Ein Skeleton-Lauf sieht typischerweise so aus:

  1. Die Athlet:innen sprinten mit dem Schlitten in den Händen einige Meter an, um möglichst viel Startgeschwindigkeit aufzubauen.
  1. Sie werfen sich bäuchlings auf den Schlitten, Kopf voran, und legen sich flach auf das Gerät.
  1. Gesteuert wird nur über minimale Gewichtsverlagerungen – es gibt kein Lenkrad und keine Bremsen.
  1. Im Wettkampf zählt die Gesamtzeit aus mehreren Läufen; die schnellste Summe gewinnt.

Wichtige Punkte:

  • Der Schlitten ist relativ schwer (je nach Klasse über 30 kg), damit er stabil liegt und bei Stürzen nicht so leicht auf den Körper zurückfällt.
  • Der Rahmen des Schlittens muss aus Stahl sein, Hightech-Lenk- oder Bremssysteme sind verboten.
  • Getragen werden u.a. Helm, enganliegender Rennanzug, Spikeschuhe und meist Schutzpolster für Schultern und Ellenbogen.

Herkunft und Bedeutung des Wortes „Skeleton“

Im Englischen bedeutet „skeleton“ zunächst ganz klassisch „Skelett“, also das Gerüst aus Knochen, das den Körper stützt und Organe schützt.
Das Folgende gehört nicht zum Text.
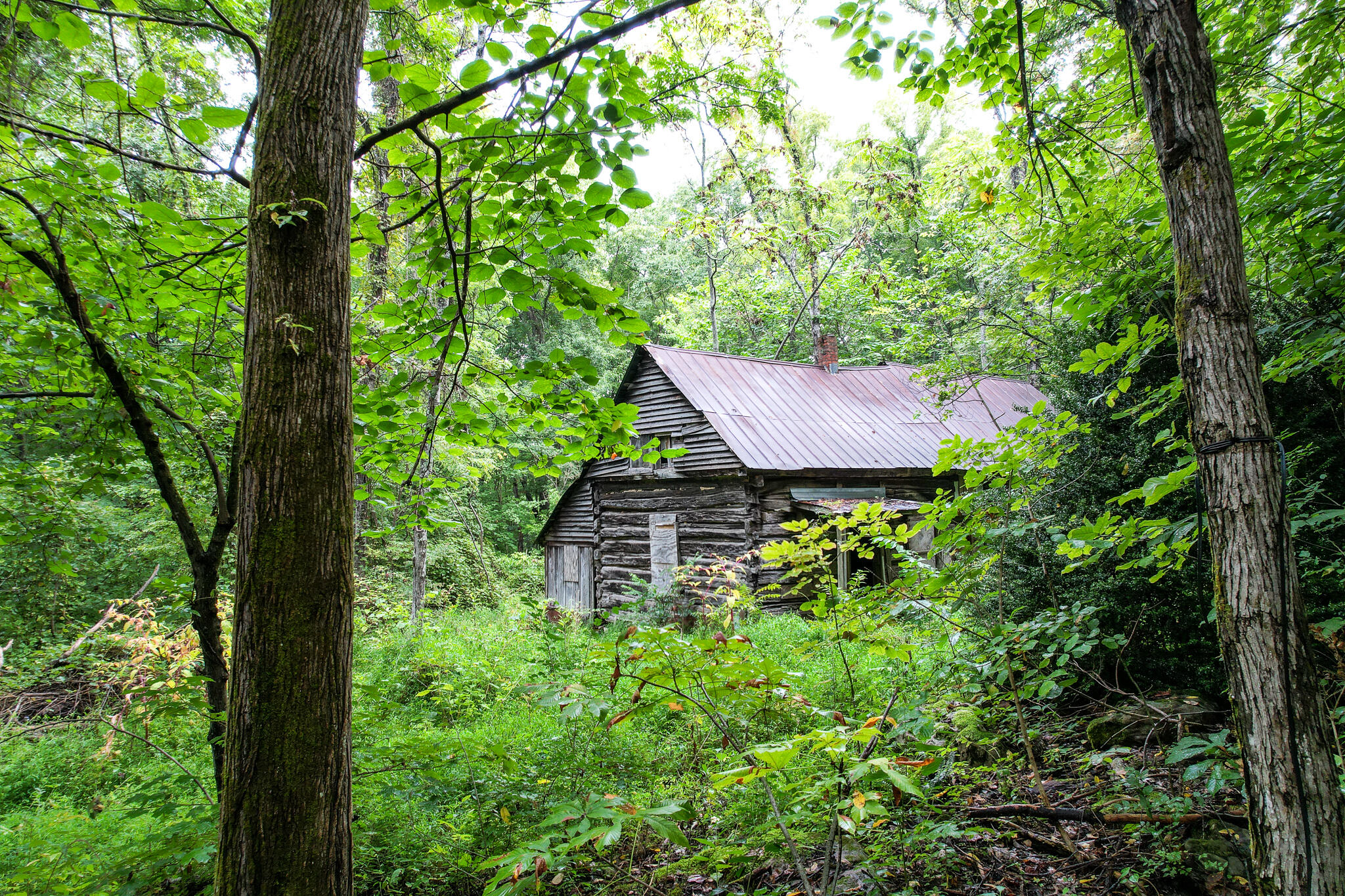3684 Collier Loop, Dandridge, Tennessee image 14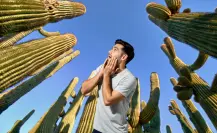 ¿Conoces el cactus gigante de BCS que vive más de 300 años?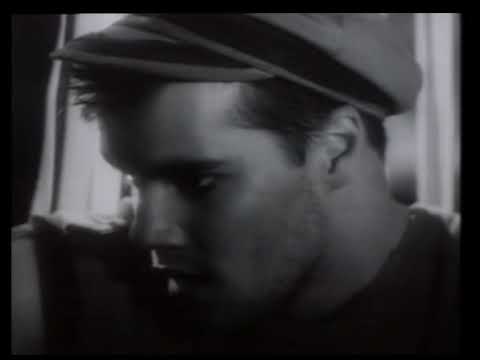 Cargo Video
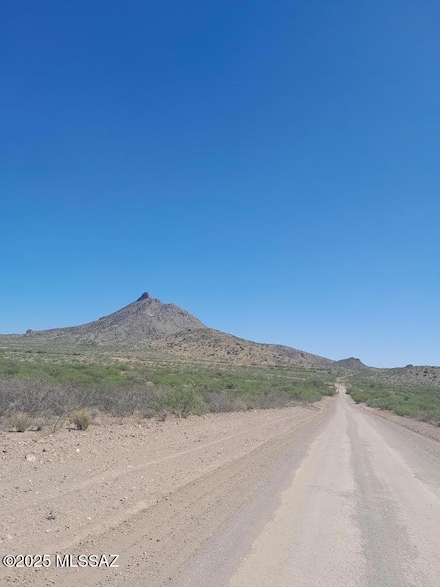 000 E Mulberry Dr Unit 125, Douglas, AZ 85607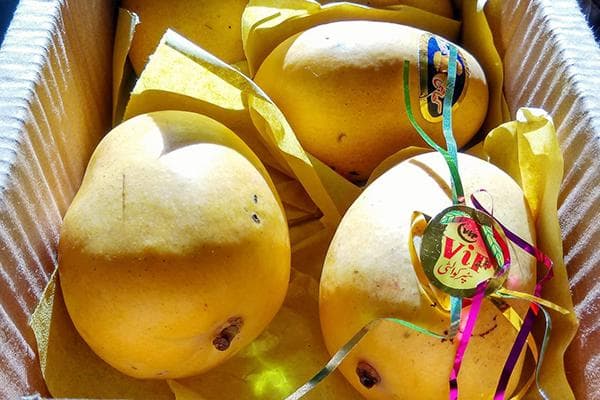 Mango vaisiai dėžutėje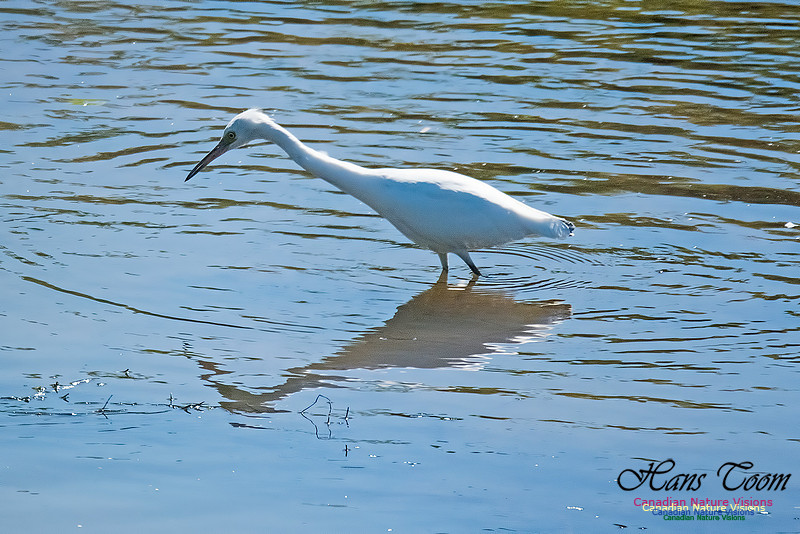 Little Blue Heron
Daraus haben sich mehrere übertragene Bedeutungen entwickelt:

  • „skeleton“ als Gerippe oder Rahmen/Grundstruktur (z.B. skeleton of a building).
  • „skeleton staff“ = Minimalbesetzung an Personal.
  • „skeleton in the closet“ = ein peinliches Familiengeheimnis.

Die Sportart Skeleton hat ihren Namen, weil der Schlitten wie ein reduziertes „Gerippe“ aussieht; im Deutschen wird das Wort unverändert aus dem Englischen übernommen.

Skeleton im heutigen Kontext

Skeleton ist fester Bestandteil der Olympischen Winterspiele und seit 2002 wieder dauerhaft im olympischen Programm.

Besonders rund um Winterspiele und Weltcups taucht der Begriff „Skeleton“ häufiger in Nachrichten, Sportforen und Social Media auf, meist in Verbindung mit spektakulären Fahrten und knappen Hundertstel-Entscheidungen.

In vielen Berichten wird Skeleton als Extremsport beschrieben, der Mut, Reaktionsschnelligkeit und hohe Körperbeherrschung verlangt, weil die Athlet:innen dem Eis mit dem Gesicht sehr nahe sind.

Typische Themen in Forendiskussionen sind etwa Sicherheit (Sturzgefahr, Aufprallkräfte), Olympia-Chancen einzelner Nationen oder Vergleiche zu Rodeln und Bob.

TL;DR

„Skeleton“ ist:

  • eine olympische Wintersportart, bei der man bäuchlings und kopfvoran auf einem flachen Rennschlitten einen Eiskanal hinunterfährt, gesteuert nur durch Gewichtsverlagerung.
  • das englische Wort für „Skelett“ und in übertragenem Sinn auch für Grundgerüst, Minimalform oder Geheimnis („skeleton in the closet“).